PICO DA VIGIA 2
Pessoas, costumes, estórias e tradições da Fajã Grande das Flores e outros temas.
OS VAGÕES
Quando, em plena década de cinquenta, chegaram à Fajã Grande os empreiteiros que iriam construir o troço de estrada entre o Porto da Fajã Grande e a ladeira do Pessegueiro, junto à Ribeira Grande, trouxeram um acervo de material e maquinaria de que não havia memória. Entre esta panóplia de carros, carrinhas, pás, enxadas, picaretas, maças, e muitos outros apetrechos, vieram três ou quatro interessantíssimos e enormes vagões.
Os vagões eram uma espécie de carrinhos de mão, gigantes, que se apoiavam sobre quatro ou seis rodas, do tipo de rodas de comboio, pelo que só podiam deslocar-se sobre carris ou linhas férreas. Depois de desenhado o trajeto, era necessário desfazer os montes e, com o entulho retirado destes, encher os vales, operação que a ser efetuada nos simples carrinhos de mão, novidade também trazida pelos empreiteiros para a Fajã, nunca mais teria fim. O entulho era muito e, grande parte dele era constituída por enormes pedregulhos, incompatíveis com a reduzida capacidade dos carrinhos de mão, que tinham apenas uma roda na extremidade oposta à dos dois cabos que eram transportados apenas por um homem. Os empreiteiros sabiam-no e, por isso, se muniram dos potentes vagões e das respetivas linhas férreas. Um transporte difícil e dispendioso mas compensador. As linhas foram montadas no trajeto ainda virgem da nova estrada e os vagões não paravam, toca para baixo, toca para cima, a carregar o entulho da rocha da Volta do Delgado e a despeja-lo nas terras baixas do Vale da Vaca e do Descansadouro, o de Santo António a ser baldeado nos cerrados do Delgado, o da Volta do Pinheiro a encher os desníveis da Cabaceira e o da Ribeira do Ferreiro e do Pessegueiro a encher e a atulhar o Vale Fundo.

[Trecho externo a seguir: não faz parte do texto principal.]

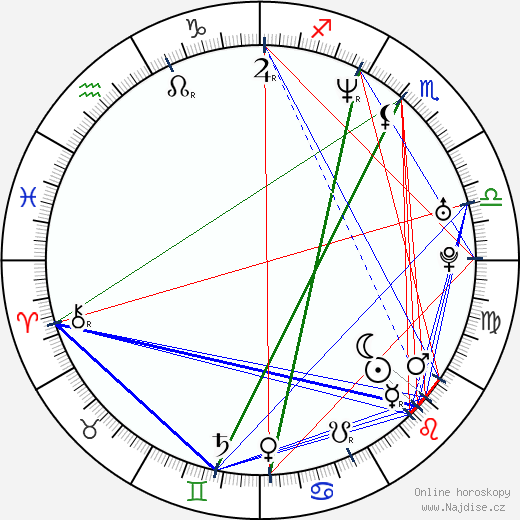 Juanes wikipedie wiki 2023, 2024 horoskop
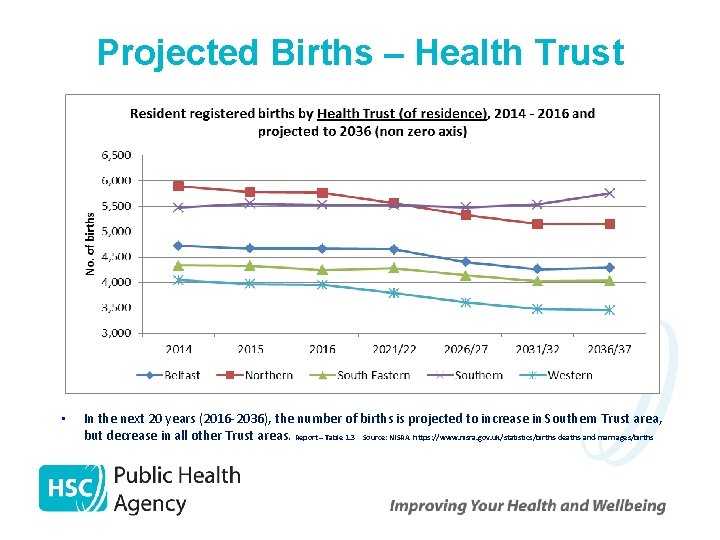 Projected Births – Health Trust • In the next 20 years (2016 -2036), the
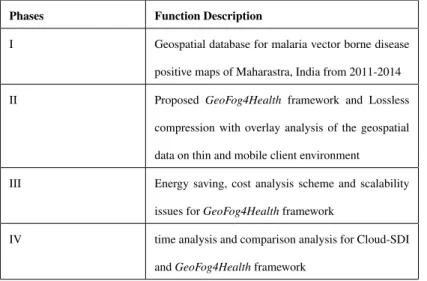 Table 1 Implementation of proposed architecture.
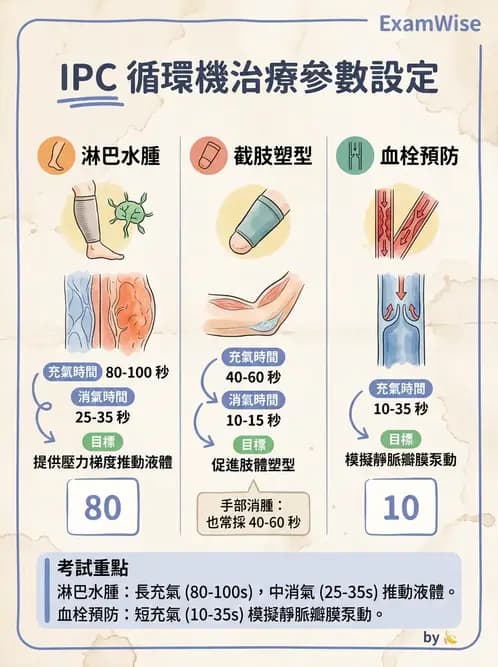 物治 - 力學因子 - AI 圖文解析預覽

Mas os vagões que circulavam sobre os carris não tinham nenhuma locomotiva ou sequer motor que os locomovesse. Apenas rolavam sobre as linhas, tendo numa das extremidades uma pequena plataforma onde um ou dois homens se podiam dependurar. Quando carregados desciam na direção do povoado e, sobretudo porque carregados, deslocavam-se impelidos pela força da gravidade. Não necessitavam de condução, dispondo apenas de um potente travão, ativado por um dos homens que se pendurava nas traseiras do mesmo e que assim não só lhe controlava a velocidade nos locais mais inclinados como os imobilizava por completo, nos locais indicados para o descarregamento. Para cima é que era o diabo. Eram necessários dois homens parra empurrar cada vagão até ao local onde havia de ser novamente carregado de entulho. Felizmente na subida os vagões iam vazios.

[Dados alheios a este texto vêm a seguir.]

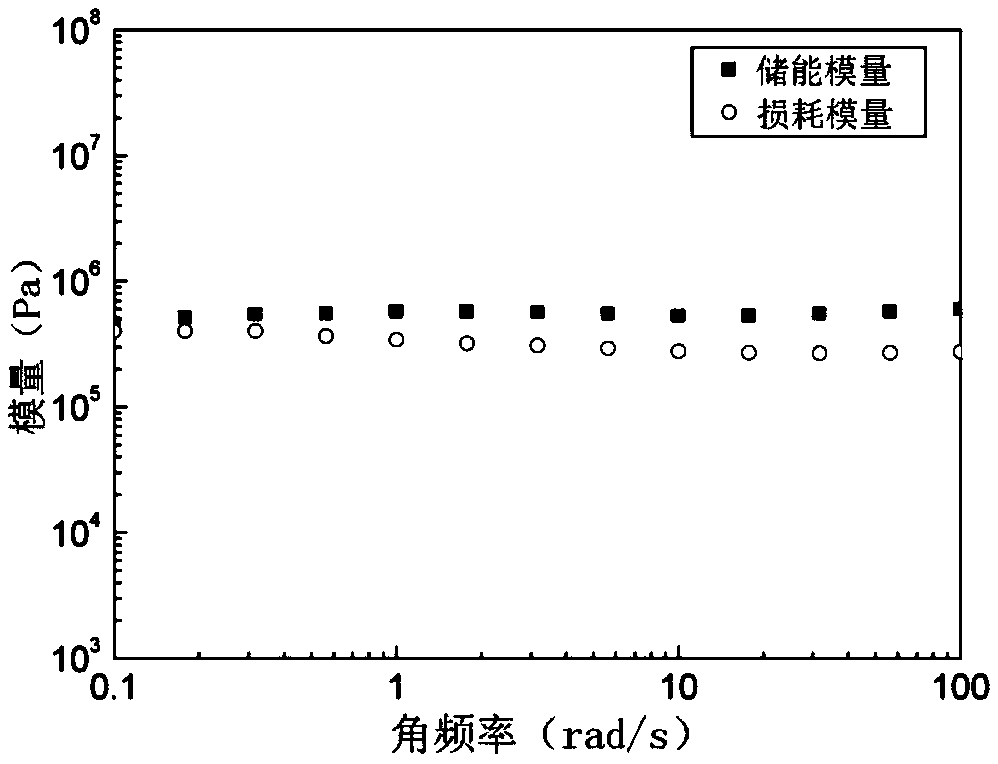 Erythromycin ethylsuccinate gel and preparation method thereof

Ora como havia muitas terras de mato e de inhames para aqueles lados, os vagões mesmo cheios com o entulho, lá iam carregando, de vez em quando, um saco de inhames, um molho de lenha ou de incensos, pertença de um familiar ou de um amigo dos que trabalhavam nos vagões. A moda pegou, foi alastrando e os vagões, durante o seu curto reinado, passaram a ser um dos principais meios de transporte dos produtos agrícolas das terras do Vale Fundo, Cabaceira, Cancelinha, Delgado e Santo António. Mas não se ficaram por aqui os interessantes vagões. Sobretudo aos domingos passaram a ser os responsáveis por interessantíssimos passeios que por vezes atingiam velocidades estonteantes. Não faltava quem os empurrasse na subida e muitos eram os que os enchiam na descida, substituindo o entulho. Tornou-se uma moda passear, aos domingos nos vagões. Não gastavam combustível, não se deperdiam e eram bastante seguros.
O entusiasmo foi tanto que até o Eleutério, um pobretanas inocente e meio atoleimado, se decidiu por um passeio de vagão. Entontecido pela rapidez do veículo, não se fartava de rir, atirando ao ar, a determinada altura:
- Neste andar, qualquer dia chegamos à Amerca.